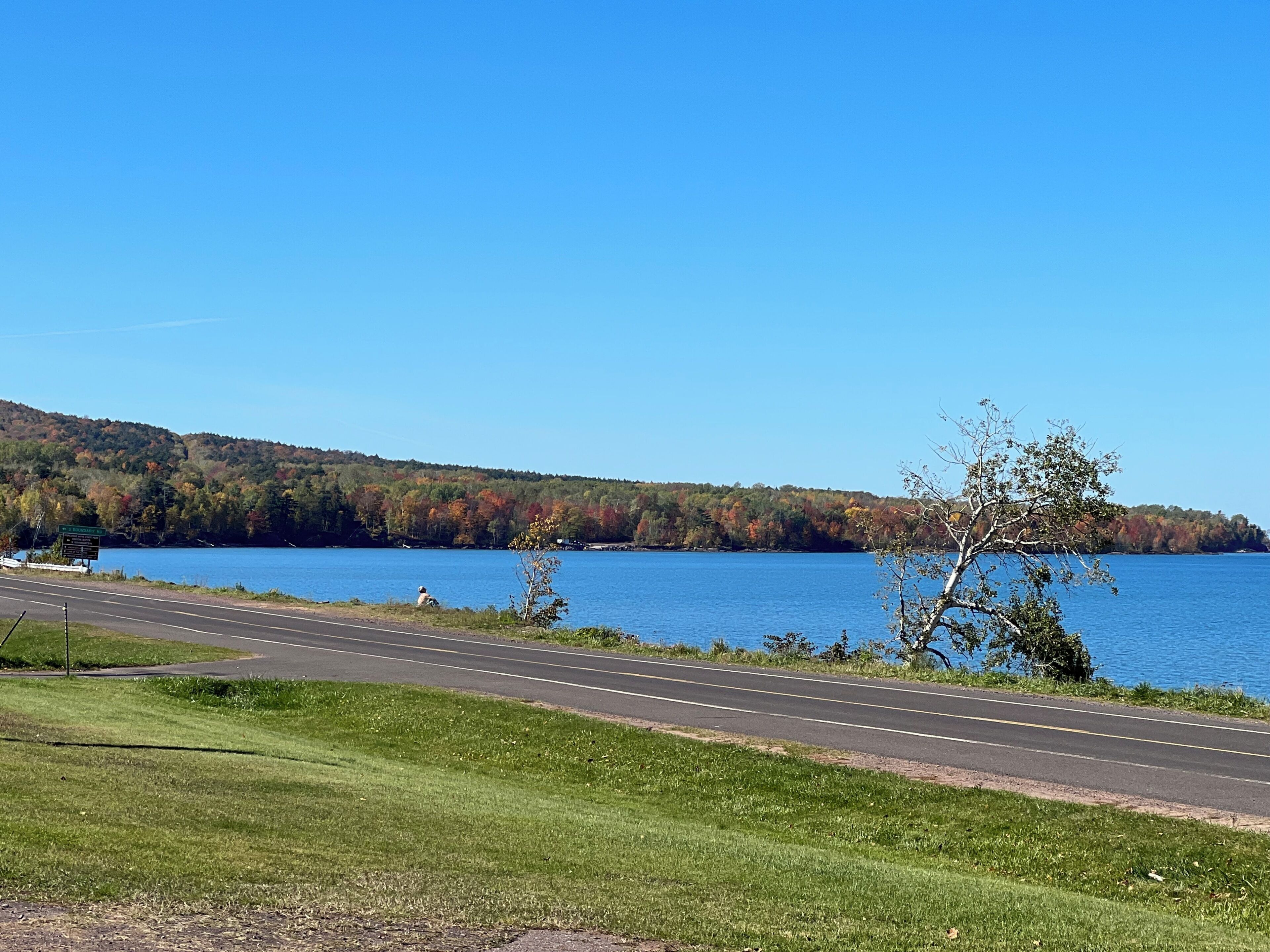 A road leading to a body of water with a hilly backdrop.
-=-=-=-=-
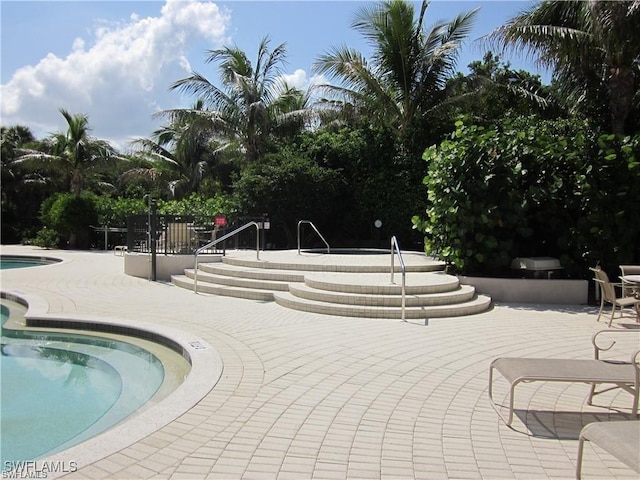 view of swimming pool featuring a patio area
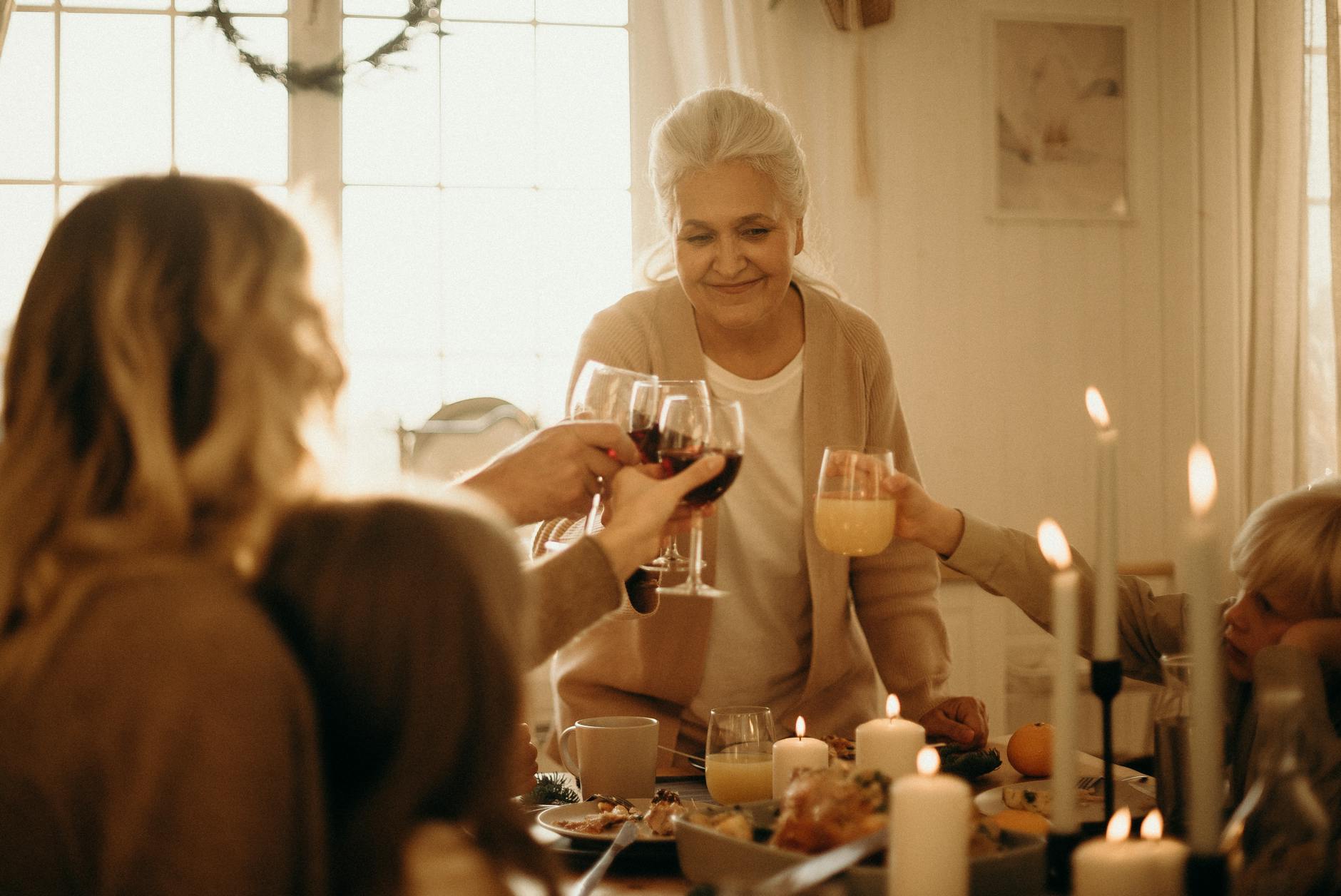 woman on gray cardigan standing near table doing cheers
-=-=-=-=-
→ **INSTRUCTIONS FOR THE TASK**: For this exercise, return exactly the lines above from the line with "view of swimming pool featuring a patio area" through the line with "woman on gray", both included. Do not copy the pictures.

→ **PROBLEM SOLUTION**:
 view of swimming pool featuring a patio area
 woman on gray cardigan standing near table doing cheers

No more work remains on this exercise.